Director: Siegfried A. Fruhauf

Mountain Trip is a cinematic myriorama constructed of hundreds of Austrian postcards, which reflect a country’s hackneyed trappings as no other medium can. The parameters of this experiment have been clearly defined: Two rows of postcards with mountain motifs (the cards in the upper row have been turned on their heads) are juxtaposed in such a way that mountains point to other mountains, the denouement of a massif butts up against a meadow, etc., resembling Chinese “cadavre exquis” cards which can be arranged to show an endless landscape. 

Film (2):

Fake Fruit Factory
1986, USA, 22 min.
Director: Chick Strand

While its title may suggest an industrial film tracing an assembly line process to market, this documentary is less interested in products than in the people who make them—the young Mexican women who create decorative papier-mâché fruit and vegetables for a small handicraft facility.
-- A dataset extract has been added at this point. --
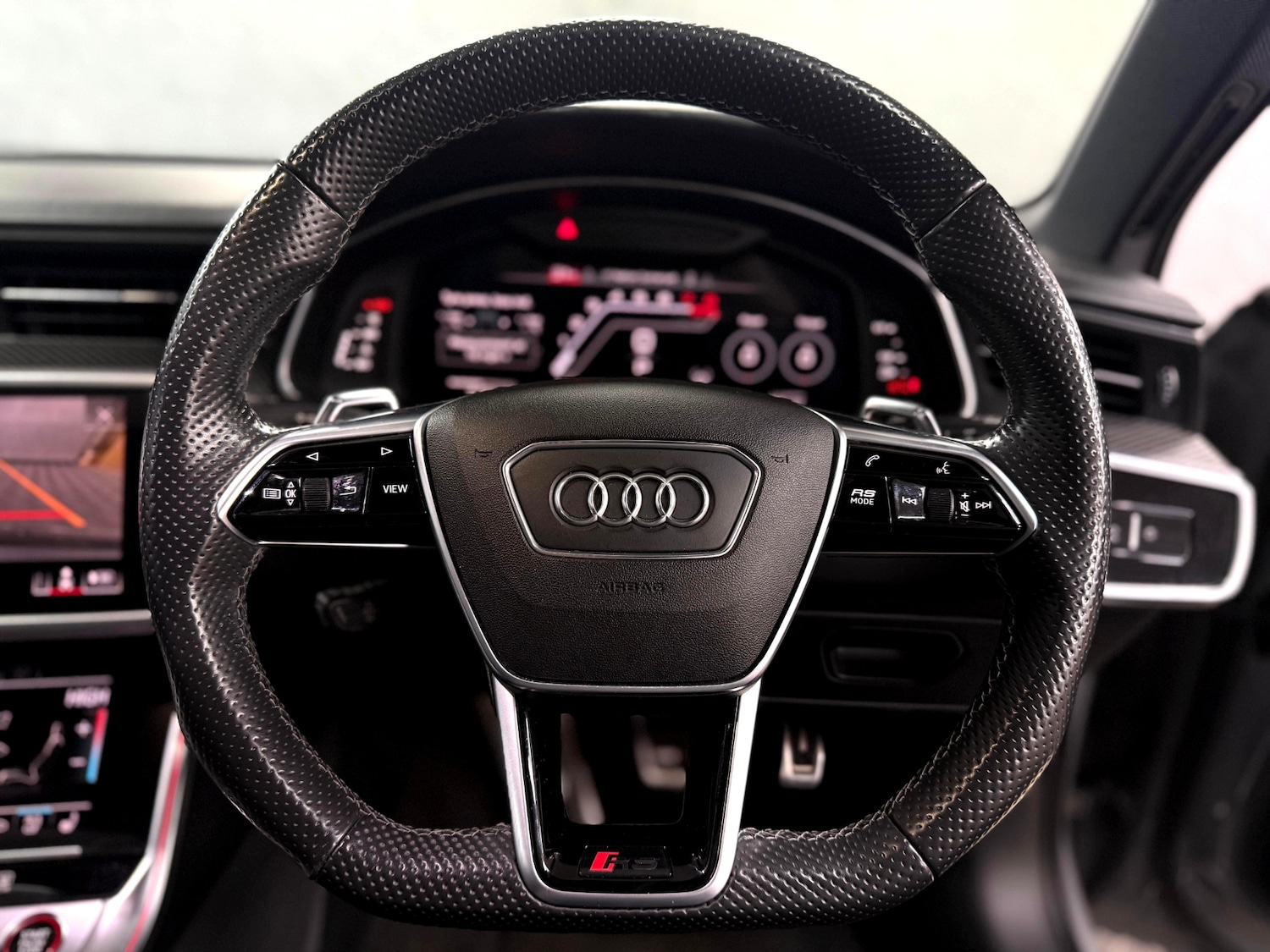 Used Audi RS6 2021 for sale - 76527459: Photo 46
The story is told almost entirely through close-ups. The women do things—knead plaster, tear paper, apply paint, hang ornaments to dry, prepare food, care for children, count bills. As they work, they gossip and complain about men. The camera follows their faces and hands and the things that they produce. The gringo boss and his cousin, seen largely through glimpses of their faces, look on.

Film (3): 

The Grand Bizarre
2019, USA, 60 min.
Director: Jodie Mack 

A postcard from an imploded society. Bringing mundane objects to life to interpret place through materials, The Grand Bizarre transcribes an experience of pattern, labor, and alien[-]nation[s]. A pattern parade in pop music pairs figure and landscape to trip through the topologies of codification. Following components, systems, and samples in a collage of textiles, tourism, language, and music, the film investigates recurring motifs and how their metamorphoses function within a global economy.